Our primary mortgage insurance policies are issued through one of two programs:

Delegated Underwriting.  We delegate to eligible customers the ability to underwrite the loans based on agreed-upon underwriting guidelines. To perform delegated underwriting, customers must be approved by our risk management group. See "—Risk Management—Loan Life Cycle Risk Management" below. Some customers prefer to assume underwriting responsibilities because it is more efficient within their loan origination process. Because this delegated underwriting is performed by third parties, we regularly perform quality assurance reviews on a sample of delegated loans to assess compliance with our guidelines. As of December 31, 2017, approximately 60% of our insurance in force had been originated on a delegated basis, compared to 59% as of December 31, 2016. See "Risk Factors—Risks Relating to Our Business—Our delegated underwriting program may subject our mortgage insurance business to unanticipated claims."

Non-Delegated Underwriting.  Customers who choose not to participate in, or do not qualify for, our delegated underwriting program submit loan files to us so that we may reach a decision as to whether we will insure the loan. In addition, customers participating in our delegated underwriting program may choose not to use their delegated authority, and instead may submit loans for our independent underwriting. Some customers prefer our non-delegated program because we assume underwriting responsibility and will not rescind coverage if we make an underwriting error, subject to the terms of our master policy. We seek to ensure that our employees properly underwrite our loans through quality assurance sampling, loan performance monitoring and training. As of December 31, 2017, approximately 40% of our insurance in force had been originated on a non-delegated basis, compared to 41% as of December 31, 2016.

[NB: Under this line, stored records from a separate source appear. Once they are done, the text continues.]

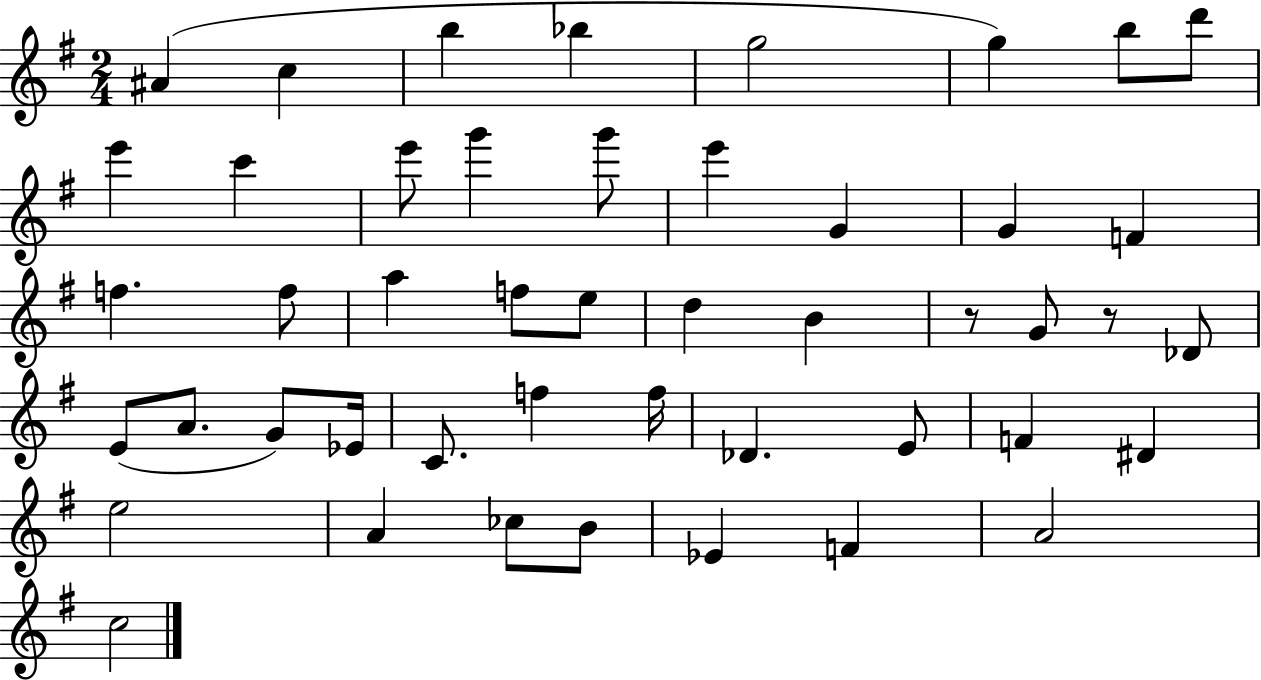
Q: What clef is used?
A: treble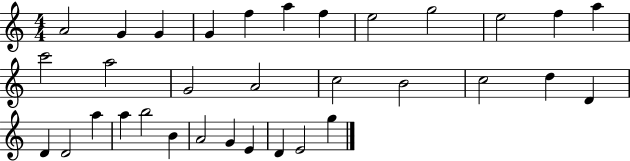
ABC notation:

X:1
T:Untitled
M:4/4
L:1/4
K:C
A2 G G G f a f e2 g2 e2 f a c'2 a2 G2 A2 c2 B2 c2 d D D D2 a a b2 B A2 G E D E2 g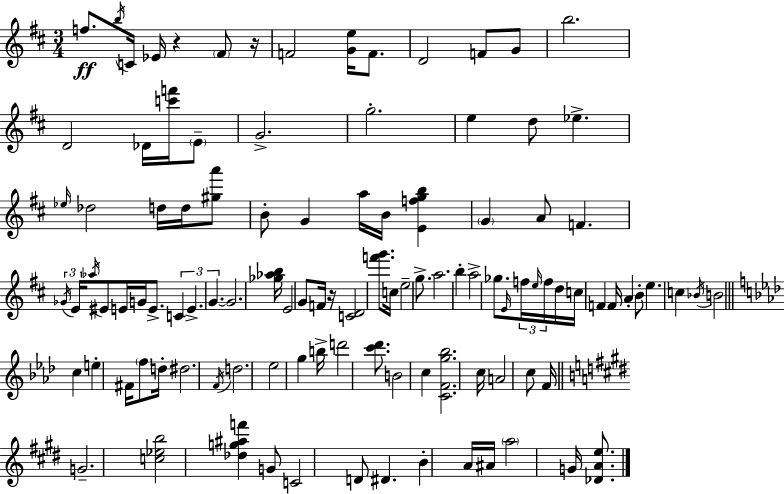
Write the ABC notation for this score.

X:1
T:Untitled
M:3/4
L:1/4
K:D
f/2 b/4 C/4 _E/4 z ^F/2 z/4 F2 [Ge]/4 F/2 D2 F/2 G/2 b2 D2 _D/4 [c'f']/4 E/2 G2 g2 e d/2 _e _e/4 _d2 d/4 d/4 [^ga']/2 B/2 G a/4 B/4 [Efgb] G A/2 F _G/4 E/4 _a/4 ^E/2 E/4 G/4 E/2 C E G G2 [_g_ab]/4 E2 G/2 F/4 z/4 [CD]2 [f'g']/2 c/4 e2 g/2 a2 b a2 _g/2 E/4 f/4 e/4 f/4 d/4 c/4 F F/4 A B/2 e c _B/4 B2 c e ^F/4 f/2 d/4 ^d2 F/4 d2 _e2 g b/4 d'2 [c'_d']/2 B2 c [CFg_b]2 c/4 A2 c/2 F/4 G2 [c_eb]2 [_dg^af'] G/2 C2 D/2 ^D B A/4 ^A/4 a2 G/4 [_DAe]/2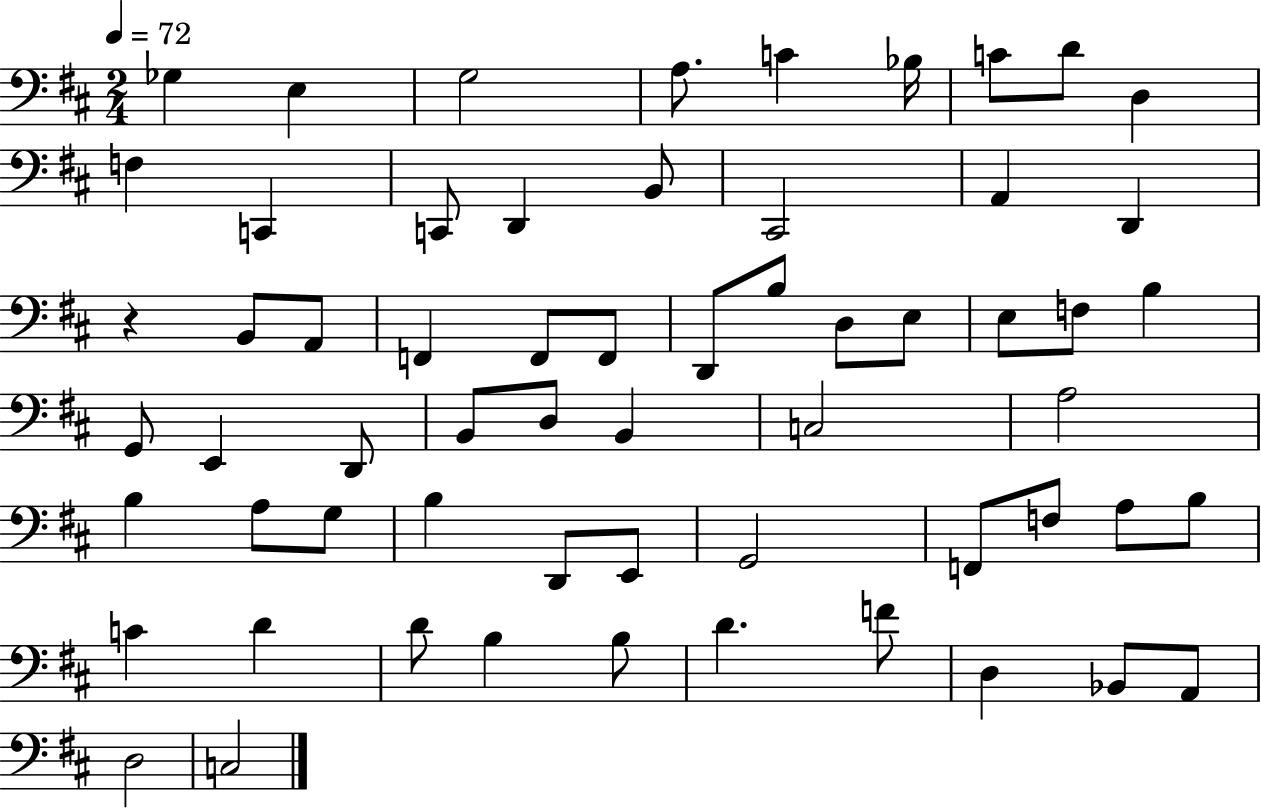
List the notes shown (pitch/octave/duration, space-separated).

Gb3/q E3/q G3/h A3/e. C4/q Bb3/s C4/e D4/e D3/q F3/q C2/q C2/e D2/q B2/e C#2/h A2/q D2/q R/q B2/e A2/e F2/q F2/e F2/e D2/e B3/e D3/e E3/e E3/e F3/e B3/q G2/e E2/q D2/e B2/e D3/e B2/q C3/h A3/h B3/q A3/e G3/e B3/q D2/e E2/e G2/h F2/e F3/e A3/e B3/e C4/q D4/q D4/e B3/q B3/e D4/q. F4/e D3/q Bb2/e A2/e D3/h C3/h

We maintain primary underwriting centers in Radnor, Pennsylvania, Winston-Salem, North Carolina and Irvine, California. We believe that the geographical distribution of our underwriting staff allows us to make underwriting determinations across different time zones and to best serve customers across the United States. Although our employees conduct the substantial majority of our non-delegated underwriting, we engage underwriters on an outsourced basis from time to time in order to provide temporary underwriting capacity.

Risk Management

We have established risk management controls throughout our organization and have a risk management framework that we believe reduces the volatility of our financial results and capital position. The risk committee of our board of directors has formal oversight responsibility for the risks associated with our business and is supported by a management risk committee, chaired by our Chief Risk Officer, comprised of all senior members of our executive management team.

We believe that our risk management framework encompasses all of the major risks we face, including our mortgage insurance portfolio, investment risk, liquidity risk and regulatory compliance risk, among others. The majority of our risk analysis is directed toward the risks embedded in our mortgage insurance portfolio. As such, we have established a risk management approach that analyzes the risk across the full life cycle of a mortgage, into what we term the "loan life cycle."

Loan Life Cycle Risk Management

We generally break down the loan life cycle risk management process into three components:

Customer qualification—customer review and approval process;

Policy acquisition—loan underwriting, valuation and risk approval; and


13



Portfolio management—loan performance and lender monitoring with continuous oversight through the settlement of a claim.

Customer qualification involves a process in which we diligence a potential customer's financial resources, operational practices, management experience and track record of originating quality mortgages prior to formalizing a customer relationship. We leverage the experience of our management team to pre-screen lenders prior to formally engaging and performing a lender qualification review. Once engaged, our counterparty risk management team conducts a lender qualification review with oversight from the management risk committee. Approved lenders are subject to clear parameters regarding underwriting delegation status, credit guideline requirements and variances and collateral thresholds and volume mix expectations for loan diversification.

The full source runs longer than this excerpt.